--- Data provided Enclosed Below ---

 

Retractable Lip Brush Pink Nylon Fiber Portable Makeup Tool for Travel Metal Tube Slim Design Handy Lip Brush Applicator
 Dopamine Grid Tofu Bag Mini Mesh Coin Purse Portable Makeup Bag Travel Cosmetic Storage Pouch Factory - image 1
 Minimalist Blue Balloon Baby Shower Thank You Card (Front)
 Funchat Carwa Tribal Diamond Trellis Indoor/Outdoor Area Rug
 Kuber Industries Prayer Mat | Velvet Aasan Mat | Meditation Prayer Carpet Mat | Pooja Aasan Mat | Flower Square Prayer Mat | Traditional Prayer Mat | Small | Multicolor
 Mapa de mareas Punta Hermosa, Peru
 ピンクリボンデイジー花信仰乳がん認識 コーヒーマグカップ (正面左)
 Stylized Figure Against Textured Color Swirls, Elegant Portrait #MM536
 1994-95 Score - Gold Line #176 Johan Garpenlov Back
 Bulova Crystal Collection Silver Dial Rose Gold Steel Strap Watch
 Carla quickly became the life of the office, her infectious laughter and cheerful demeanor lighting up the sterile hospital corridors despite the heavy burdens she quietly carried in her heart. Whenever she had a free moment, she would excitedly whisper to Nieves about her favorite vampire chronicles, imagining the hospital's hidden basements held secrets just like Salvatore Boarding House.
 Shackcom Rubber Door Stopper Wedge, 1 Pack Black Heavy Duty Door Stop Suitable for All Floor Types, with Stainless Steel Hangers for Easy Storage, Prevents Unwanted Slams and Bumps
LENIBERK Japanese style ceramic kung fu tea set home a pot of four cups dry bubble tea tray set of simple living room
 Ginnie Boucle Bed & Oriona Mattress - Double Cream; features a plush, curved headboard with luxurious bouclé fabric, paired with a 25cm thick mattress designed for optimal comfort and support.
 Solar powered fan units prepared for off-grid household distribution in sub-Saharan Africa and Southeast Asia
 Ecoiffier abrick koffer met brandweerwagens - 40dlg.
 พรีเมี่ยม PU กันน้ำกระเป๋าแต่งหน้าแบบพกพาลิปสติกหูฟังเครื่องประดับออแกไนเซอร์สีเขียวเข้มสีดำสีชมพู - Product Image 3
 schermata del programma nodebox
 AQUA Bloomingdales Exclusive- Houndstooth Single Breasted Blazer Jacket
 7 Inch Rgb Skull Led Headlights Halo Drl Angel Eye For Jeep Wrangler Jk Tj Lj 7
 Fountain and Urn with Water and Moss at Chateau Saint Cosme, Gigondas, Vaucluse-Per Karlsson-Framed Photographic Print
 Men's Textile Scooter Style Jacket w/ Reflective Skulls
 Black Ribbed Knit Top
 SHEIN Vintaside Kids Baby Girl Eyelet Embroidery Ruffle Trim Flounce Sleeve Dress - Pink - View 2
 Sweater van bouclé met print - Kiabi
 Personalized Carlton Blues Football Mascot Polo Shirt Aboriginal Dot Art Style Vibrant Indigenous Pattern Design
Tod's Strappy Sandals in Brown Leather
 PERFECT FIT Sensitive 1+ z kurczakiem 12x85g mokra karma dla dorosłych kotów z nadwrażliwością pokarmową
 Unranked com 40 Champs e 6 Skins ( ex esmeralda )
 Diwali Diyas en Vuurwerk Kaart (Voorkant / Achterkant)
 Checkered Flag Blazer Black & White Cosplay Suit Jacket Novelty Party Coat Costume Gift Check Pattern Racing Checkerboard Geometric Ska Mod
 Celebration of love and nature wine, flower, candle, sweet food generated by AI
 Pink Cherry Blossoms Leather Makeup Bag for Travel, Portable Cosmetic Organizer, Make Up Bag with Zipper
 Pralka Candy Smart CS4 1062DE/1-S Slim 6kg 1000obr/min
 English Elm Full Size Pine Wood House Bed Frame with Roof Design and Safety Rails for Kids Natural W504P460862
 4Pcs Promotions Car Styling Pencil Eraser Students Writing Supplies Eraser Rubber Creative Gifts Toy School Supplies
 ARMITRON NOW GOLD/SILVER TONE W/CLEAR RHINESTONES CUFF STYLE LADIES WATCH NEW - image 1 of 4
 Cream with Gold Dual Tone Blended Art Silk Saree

--- End of Enclosed Data provided ---

Exact duplication is required for the lines above, from the line that contains "Carla quickly became" to the line that contains "Ecoiffier abrick koffer", inclusive; omit all others.

 Carla quickly became the life of the office, her infectious laughter and cheerful demeanor lighting up the sterile hospital corridors despite the heavy burdens she quietly carried in her heart. Whenever she had a free moment, she would excitedly whisper to Nieves about her favorite vampire chronicles, imagining the hospital's hidden basements held secrets just like Salvatore Boarding House.
 Shackcom Rubber Door Stopper Wedge, 1 Pack Black Heavy Duty Door Stop Suitable for All Floor Types, with Stainless Steel Hangers for Easy Storage, Prevents Unwanted Slams and Bumps
LENIBERK Japanese style ceramic kung fu tea set home a pot of four cups dry bubble tea tray set of simple living room
 Ginnie Boucle Bed & Oriona Mattress - Double Cream; features a plush, curved headboard with luxurious bouclé fabric, paired with a 25cm thick mattress designed for optimal comfort and support.
 Solar powered fan units prepared for off-grid household distribution in sub-Saharan Africa and Southeast Asia
 Ecoiffier abrick koffer met brandweerwagens - 40dlg.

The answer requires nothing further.